In fact DG Agri officials were secretly pleased when the WTO ruled against the EU sugar regime earlier this year, forcing the anti-reform camp to face up to reality. But the new proposals are likely to provoke a major row, with opposition from countries who would lose their sugar industries such as Finland and Ireland on the one hand and development NGOs on the other.
Under the new proposals the support price for white sugar would be cut by 39 per cent compared with 33 per cent in the original plans. The minimum beet price would be cut by 42 per cent compared with 37 per cent.
Planned automatic cuts in sugar production quotas have been shelved with the Commission favouring a voluntary quota buy up scheme which offer producers a financial incentive (a bribe in plain language) to get out of the sector. In the first year of reform (2006/7), producers will be paid €730/t for any quota surrendered, falling to €370/t over four years.

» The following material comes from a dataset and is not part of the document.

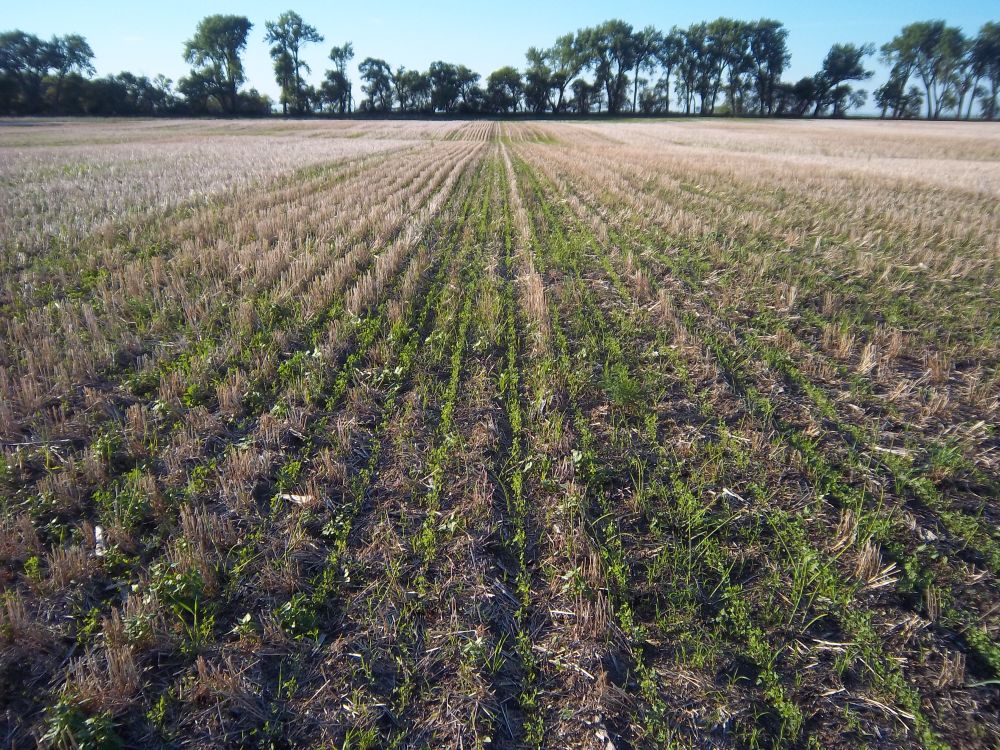 Alfalfa in ND June 2015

This quota buy up scheme is to be funded in part by a sugar buyers' levy which will be imposed at a rate of €125/t in year one, falling to €90/t the following year. These plans will upset sugar buyers who will lose most of the benefit of the lower market prices. Despite this subvention, the scheme is going to cost taxpayers with a budget of €896m set aside in year one of the reform programme, rising to €1.5bn in year two. A lot of this money will go to 60 per cent compensation compensation for farmers to offset the minimum price of beet which will be incorporated into the Single Farm Payment.
Controversial plans to allow sugar quotas to be traded across member states have been dropped. One might think that in a single market it would be logical to trade quota across national boundaries, but this idea has never been accepted in the dairy sector. Such an approach would, however, allow a more market based adjustment to change, maximising the chances of an optimal rationalisation of the sector.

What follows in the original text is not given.